Among the four larger islands, visitor spending on Oahu decreased (-1.2% to $626.8 million) in April despite growth in visitor arrivals (+8.7% to 494,192) compared to a year ago. This was also true for Maui, as visitor spending declined (-4.6% to $394.4 million) while arrivals increased (+5.2% to 249,076). The island of Hawaii recorded decreases in both visitor spending (-20.5% to $154.8 million) and visitor arrivals (-14.2% to 131,499), as did Kauai with its visitor spending (-14.8% to $134.2 million) and visitor arrivals (-4.8% to 106,009).

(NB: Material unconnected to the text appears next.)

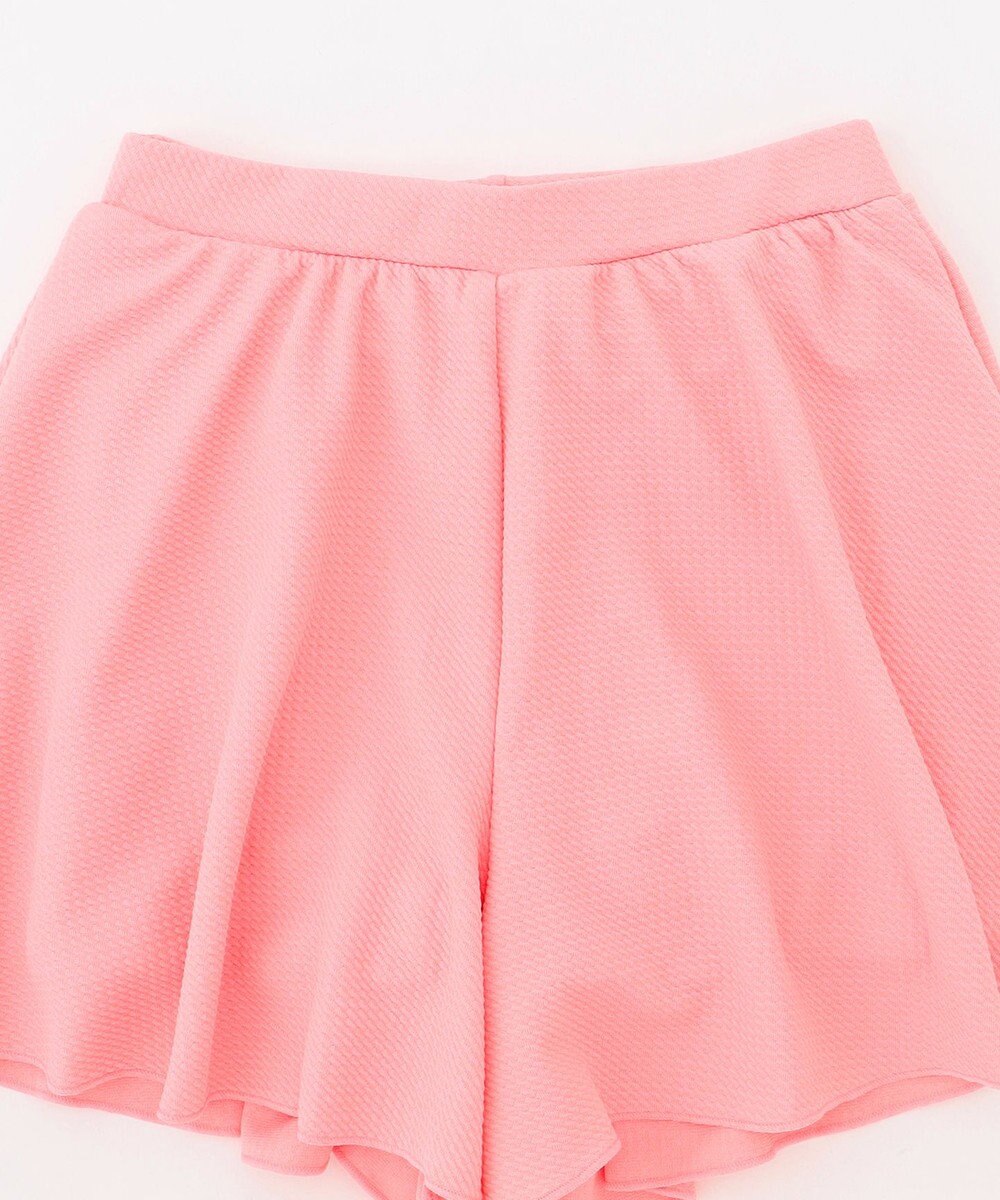 ANY KIDS 総柄 セパレート水着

A total of 1,112,200 trans-Pacific air seats serviced the Hawaiian Islands in April, up 2.5 percent from a year ago. Growth in air seats from U.S. West (+4.3%), U.S. East (+2.5%) and Japan (+0.7%) offset declines from Other Asia Markets (-12.5%) and Oceania (-6.5%). Seats from Canada (+0.3%) were comparable to April 2018.
U.S. West: In April, visitor arrivals from the Pacific region were up 13.7 percent year-over-year, with growth in visitors from California (+19.2%), Alaska (+11.4%) and Washington (+3.5%). Arrivals from the Mountain region rose 4.3 percent, with more visitors from Nevada (+58.1%) offsetting fewer visitors from Utah (-9.6%) and Colorado (-6.1%).
Year-to-date through April, visitor arrivals rose from the Pacific (+9.5%) and Mountain (+6.4%) regions versus the same period last year. Average daily visitor spending declined to $177 per person (-4.0%) compared to the same period last year as a result of decreases in lodging, food and beverage, transportation, and entertainment and recreation expenses.
U.S. East: In April, there were more visitors from the Mid Atlantic (+14.1%) and South Atlantic (+6.9%) regions but fewer visitors from the West South Central (-6.5%), East South Central (-4.3%), East North Central (-4.0%) and New England (-1.8%) regions compared to a year ago.
Year-to-date through April, visitor arrivals increased from most regions except for the New England (-1.9%) and Mid Atlantic (-1.3%) regions. Average daily visitor spending declined to $208 per person (-2.7%), largely due to decreases in lodging and transportation expenses.
Japan: Visitor arrivals in April were boosted by the start of Golden Week, traditionally a period of growth for outbound travel. Golden Week is a string of four holidays that occurs from April 29 through May 5 each year. The combination of holidays and weekends creates a longer-than-normal vacation period that is favorable to long-haul destinations like Hawaii. This year, visitors traveling to the Hawaiian Islands for Golden Week began arriving on April 27. More visitors stayed in hotels (+1.9% to 95,437), timeshares (+6.7% to 6,857) and rental homes (+72.9% to 817) in April, while stays in condominiums (-5.8% to 13,006) were down versus last year.
Year-to-date through April, average daily visitor spending declined to $236 per person (-2.8%), primarily due to lower lodging and transportation expenses.
Canada: In April, visitor stays increased in hotels (+8.0% to 23,588), timeshares (+4.1% to 4,217), with friends and relatives (+32.6% to 2,570), and bed and breakfasts (+28.5% to 1,060), while stays in condominiums (-2.9% to 17,953) and rental homes (-7.6% to 8,583) declined.
Year-to-date through April, average daily visitor spending declined to $167 per person (-1.9%), due to lower lodging and shopping expenses.
MCI: A total of 39,466 visitors traveled to Hawaii for meetings, conventions and incentives (MCI) in April, down 25.5 percent from a year ago. Convention visitors decreased significantly (-53.8%) compared to April 2018 when more than 10,000 delegates attended The Association for Research in Vision and Ophthalmology event at the Hawaii Convention Center.
Year-to-date through April, total MCI visitors dropped slightly (-0.6% to 198,392) from the same period last year.
 Aggregate number of days stayed by all visitors.
 Average daily census is the average number of visitors present on a single day.